On Saturday, April 30, Charlie’s mother, Lucille, and Aunt Alice Walker, drove from Tampa to Lake City for a surprise visit, their first since our 2014 wedding. We shared a wonderful few hours together in the visiting park before tearful hugs and goodbyes.
On Sunday, June 26, Charlie’s long-time friend, Gary Smigiel, and two of his lovely, talented daughters, Adrianna and Daniella, made the long drive from South Florida to spend the day with us. Over the years, we have watched Adrianna and Daniella grow from darling little girls to delightful, poised young women before our eyes. Gary continues to be a source of strong encouragement and support for us. We are thankful every day for loved ones who make the effort to keep supporting and visiting us.
On the creative side, in May, for our second wedding anniversary, Libby, with the help of our cat, Suzy Q, put together a small book of photographs and collected quotes about love and gardening as a gift for Charlie. Charlie’s latest creative endeavor is a new pen-and-ink drawing series of cartoons called, “Cats In Prison.” The series is rather satirical, and very witty, on many levels. He also continues drawing his beautiful portraits and wildlife in colored pencil and graphite, which Libby pairs with his poems and prints as note/greeting cards to send to friends and family. We are both pleased with the results. These activities provided an enjoyable break from parole hearing preparations.
Charlie’s poem, “Sedimentary,” was published in the prestigious anthology, “PEN AMERICA, A Journal For Writers And Readers, #19 HAUNTINGS,” by the PEN America Center, New York, in June. We were honored in July when an excellent new publication from XfelonINK, by Suza Lambert Bowser in California, published a poem, “In The Prison Of My Rejection,” and essay, “Something Happened In Prison Yesterday,” and three drawings of Charlie’s in their Spring/Summer 2016 edition. www.xfelonink.com, Another published poem was nominated for a Pushcart Prize, a highly-regarded literary award.

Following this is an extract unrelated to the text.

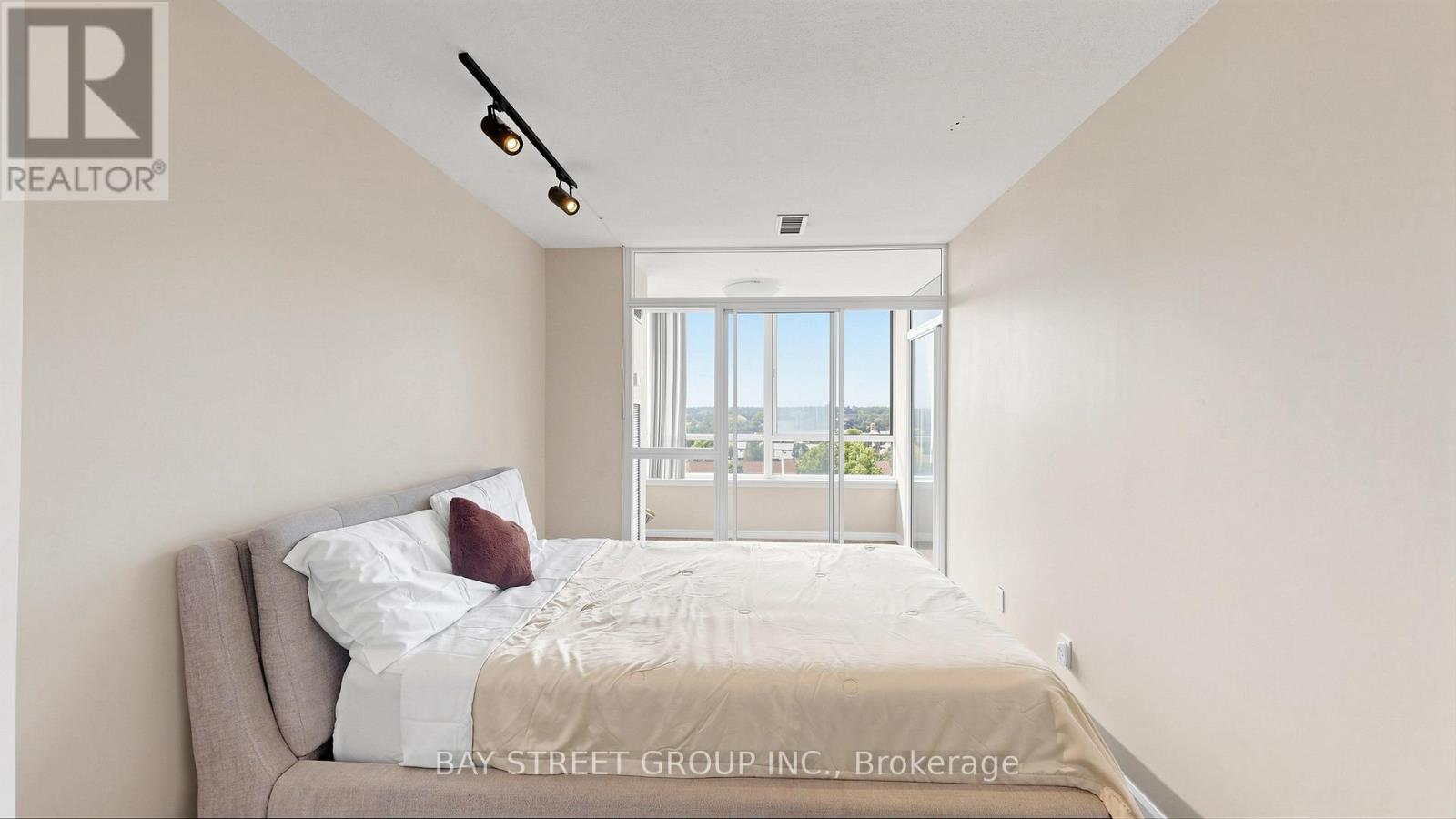 Ph 720 - 1001 Cedarglen Gate, Mississauga, Ontario  L5C 4R2 - Photo 29 - W13418284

Loen Kelly, a renowned television producer in New York, featured several of Charlie’s essays on life in prison on the web site, www.prisonwriters.com, which stirred new worldwide interest in his writings. A Swedish documentary producer interested in Charlie’s essay, “The Gangs of Florida,” contacted us through Loen. The Florida Department of Corrections put Charlie’s photo and a link to his essay on their Facebook page, which went out to prison staff statewide. We received numerous positive comments from those readers.

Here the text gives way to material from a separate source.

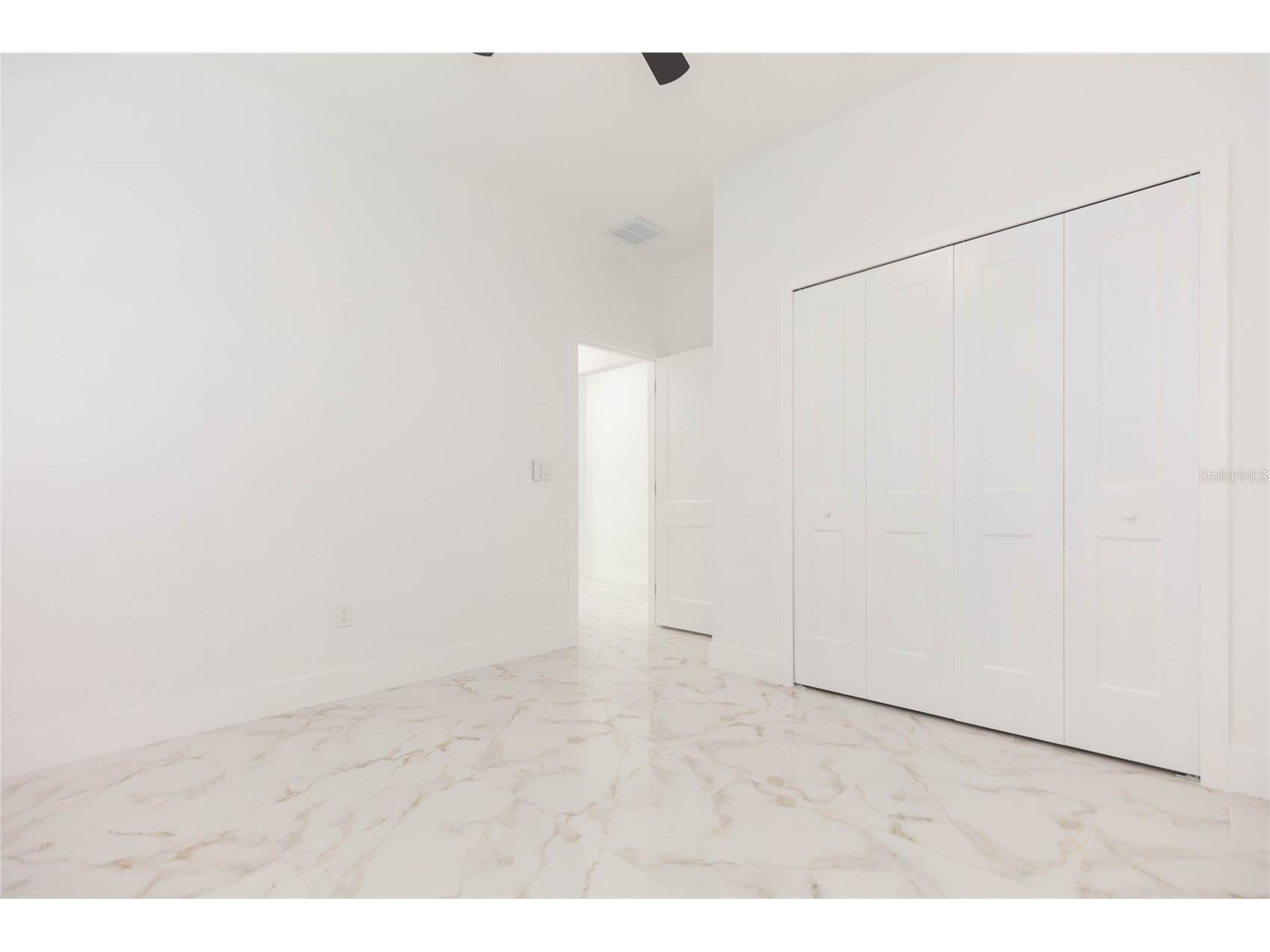 3720 N 32nd Tampa FL 33610 TB8524683 image11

Prominent Jacksonville attorneys, Bill Sheppard and Elizabeth White, continue to fight hard for Charlie’s release. Without their powerful advocacy over the last several years, we would not be in the position we are in, hopefully — prayerfully — planning for Charlie’s release.
Charlie’s current presumptive parole release date is July, 2017, which means a hearing will be held most likely sometime in April of 2017. We applied for an earlier hearing, but were inexplicably denied. This year has been occupied with preparations for the new hearing, and we sincerely thank all of our friends for their many letters of support sent on Charlie’s behalf. They remain in his file for consideration by the parole commissioners, all 3 of which are “new” to their jobs and have not been on the commission for any of Charlie’s previous hearings. We will keep you posted on this life-altering event.
Dr. Stephen McCoy, executive director of “Prisoners of Christ Ministry” in Jacksonville, wrote a letter of acceptance to the parole commissioners, offering Charlie a place in their transition release program upon his parole. Rev. Ken Cooper, a long-time friend and encourager, and founder of “Prisoners of Christ,” has also offered his endorsement and support for Charlie’s release. Prominent Jacksonville businessman and founder of “Operation New Hope,” Kevin Gay, has offered his resources in securing full-time employment for Charlie.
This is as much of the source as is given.